══ Available data ══

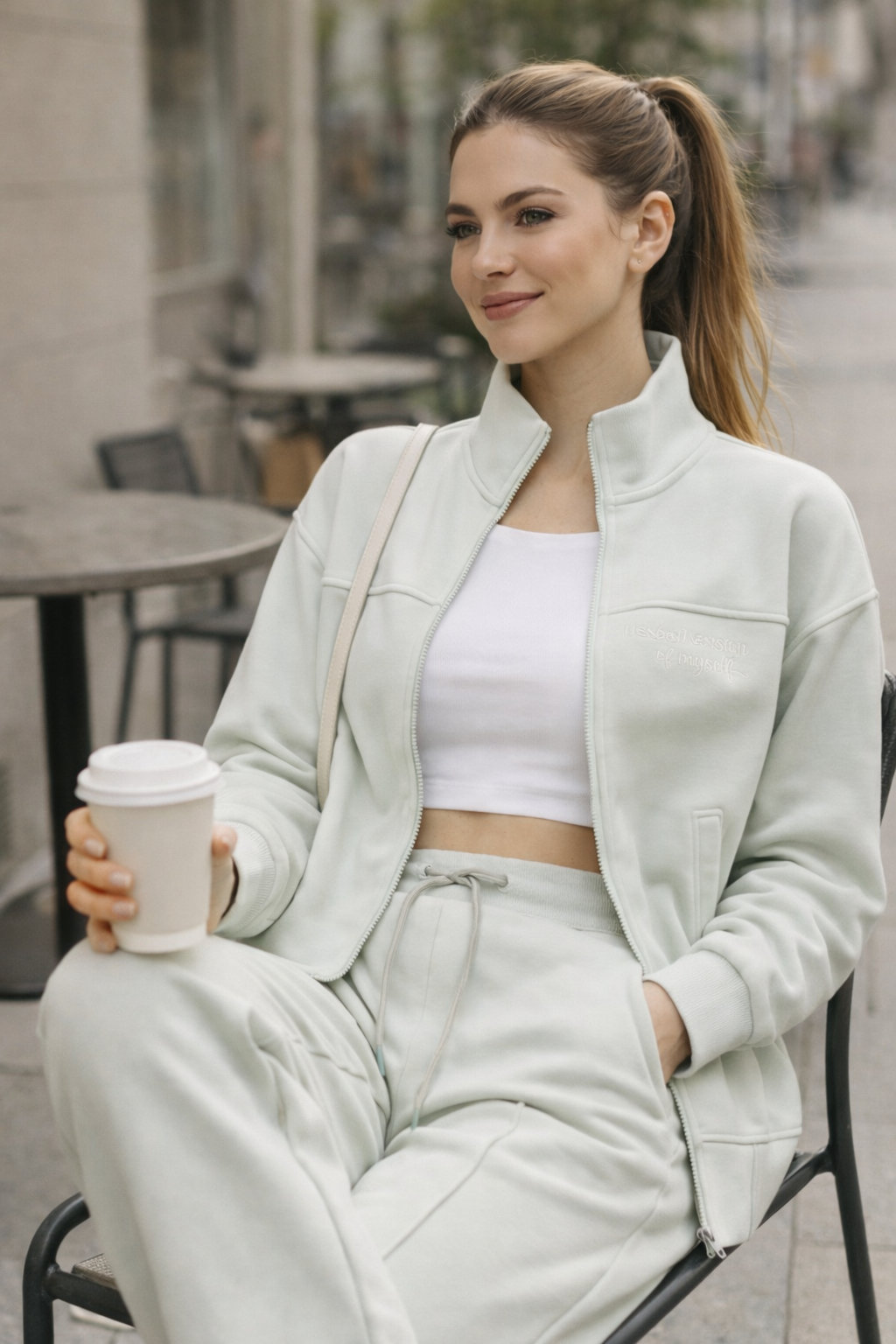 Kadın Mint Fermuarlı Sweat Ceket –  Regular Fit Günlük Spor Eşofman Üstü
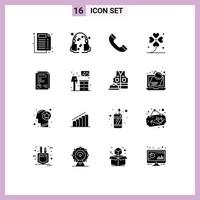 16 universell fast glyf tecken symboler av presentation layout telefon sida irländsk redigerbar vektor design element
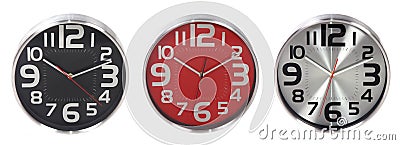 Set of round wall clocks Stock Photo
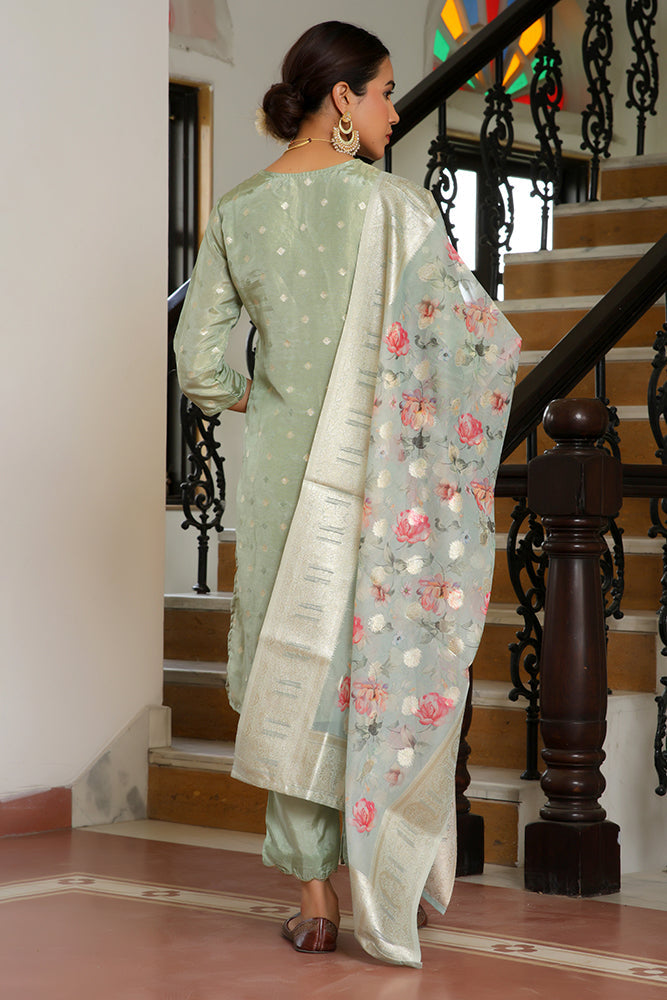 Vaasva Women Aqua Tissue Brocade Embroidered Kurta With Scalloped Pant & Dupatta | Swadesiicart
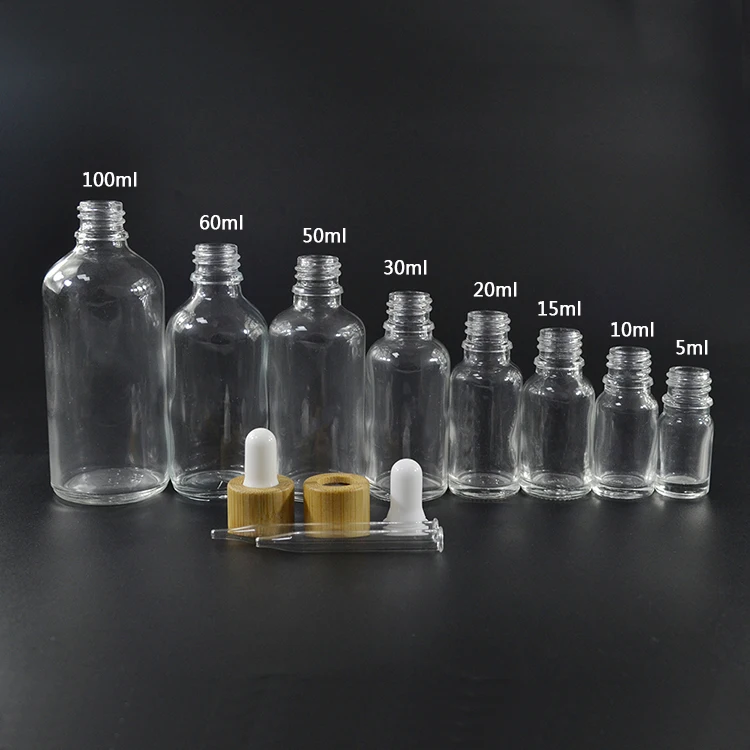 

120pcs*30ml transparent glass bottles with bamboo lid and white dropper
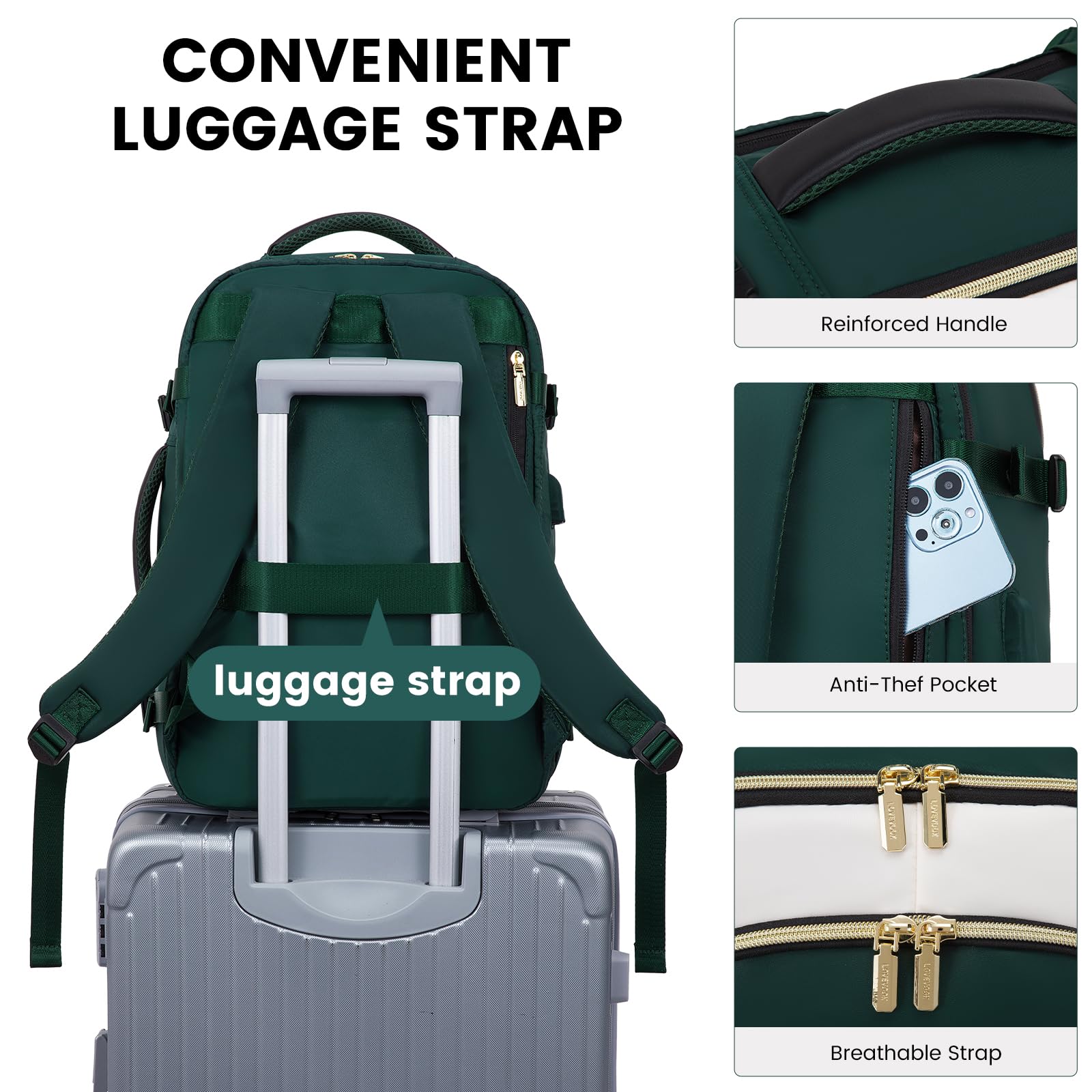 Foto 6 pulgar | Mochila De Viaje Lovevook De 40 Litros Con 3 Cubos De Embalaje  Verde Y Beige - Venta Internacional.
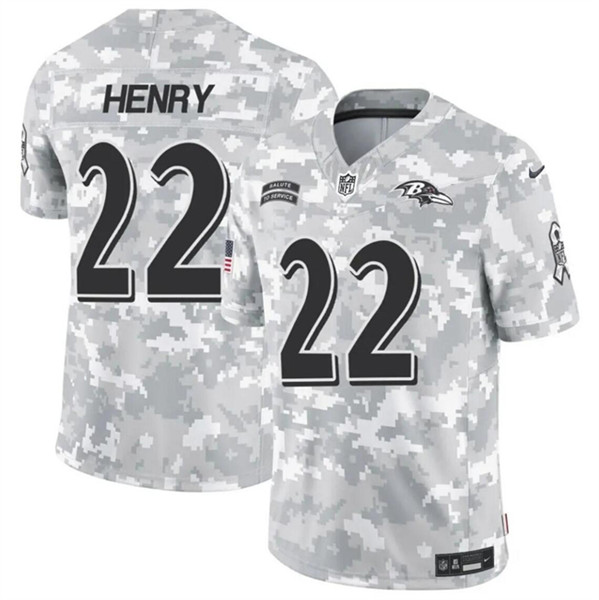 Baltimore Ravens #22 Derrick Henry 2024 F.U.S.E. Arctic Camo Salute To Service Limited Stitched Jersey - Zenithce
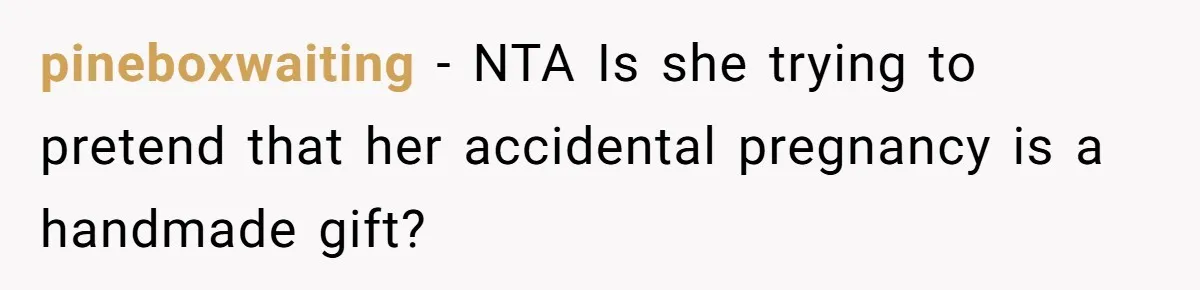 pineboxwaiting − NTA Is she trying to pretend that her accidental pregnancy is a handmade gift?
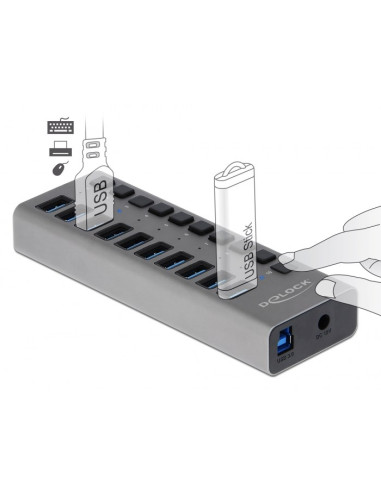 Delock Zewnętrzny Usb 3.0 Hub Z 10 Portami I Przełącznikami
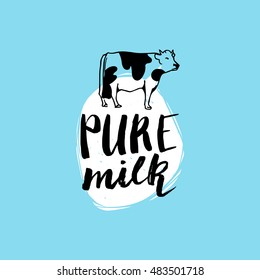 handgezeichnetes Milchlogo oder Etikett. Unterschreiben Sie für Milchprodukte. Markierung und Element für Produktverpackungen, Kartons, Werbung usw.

═══

(Task):
Pictures aside, repeat exactly every line from the top of the listing above through the line bearing "Set of round wall clocks Stock Photo", inclusive.

(Written solution):
 Kadın Mint Fermuarlı Sweat Ceket –  Regular Fit Günlük Spor Eşofman Üstü
 16 universell fast glyf tecken symboler av presentation layout telefon sida irländsk redigerbar vektor design element
 Set of round wall clocks Stock Photo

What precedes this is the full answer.